- Born: November 20, 1958 (age 67) Beverley, England
- Occupations: Professor of Urban & Environmental Policy & Planning, Tufts University

Academic background
- Education: University of Durham (BSc); Middlesex University (MA); University of London (PhD);

Academic work
- Discipline: Urban planning; environmental social science;
- Notable ideas: Just sustainabilities (social justice and environmental sustainability)
- Website: Official website

= Julian Agyeman =

British professor (born 1958)

Julian K. Agyeman is a professor of Urban & Environmental Policy & Planning, Secondary Professor in Nutrition Science and Policy, and is Fletcher Professor of Rhetoric and Debate at Tufts University. He is a co-founder and the editor-in-chief of the journal Local Environment. During his career, Agyeman has developed the concept of just sustainabilities, defined as "the need to ensure a better quality of life for all, now, and into the future, in a just and equitable manner, whilst living within the limits of supporting ecosystems."

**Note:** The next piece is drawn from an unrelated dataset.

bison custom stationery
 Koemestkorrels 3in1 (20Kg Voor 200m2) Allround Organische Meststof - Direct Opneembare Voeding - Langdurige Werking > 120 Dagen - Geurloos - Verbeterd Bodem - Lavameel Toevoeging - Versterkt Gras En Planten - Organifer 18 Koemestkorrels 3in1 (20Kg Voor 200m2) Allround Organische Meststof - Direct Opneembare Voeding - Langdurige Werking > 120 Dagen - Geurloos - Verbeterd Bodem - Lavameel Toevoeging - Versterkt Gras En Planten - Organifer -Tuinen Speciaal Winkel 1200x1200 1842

==Personal life and education==
Agyeman was born on November 20, 1958, in Beverley, East Riding of Yorkshire, UK. He received a Bachelor of Science degree with joint honors in Geography and Botany from Durham University in 1980, a Post Graduate Certificate in Education from University of Newcastle-On-Tyne in 1982, a Master of Arts in Conservation Policy from Middlesex University in 1987, and a Doctor of Philosophy in Urban Studies from the University of London in 1996.

==Publications==
Including his books and journal articles, Agyeman has over 175 publications in his field. His article, Mind the Gap: Why do people act environmentally and what are the barriers to pro-environmental behavior?, published in Environmental Education Research, is the most cited journal article by a North American urban planning scholar. His publications have led him to be ranked as one of the top 10 most highly cited urban planning faculty in North America. His work integrates multiple academic disciplines, including geography, sociology, urban planning and policy, environmental justice, and sustainability.

Books
- Introducing Just Sustainabilities: Policy, Planning and Practice (Bloomsbury Publishing, 2013)
  - An essential introduction to the concept of just sustainabilities, focused on solutions-oriented policies and initiatives addressing equity and justice while developing sustainable communities. Discusses key topics such as food justice, spatial justice, the democratization of our streets and public spaces, the just transition, and alternate economic models.
- Sustainable Communities and the Challenge of Environmental Justice (NYU Press, 2005)
  - Advocates and argues for the compatible goals between the environmental justice and sustainable communities movements. Offers examples of model organizations applying strategies from each movement.

Co-authored books
- Sharing Cities: A Case for Truly Smart and Sustainable Cities (MIT Press, 2015)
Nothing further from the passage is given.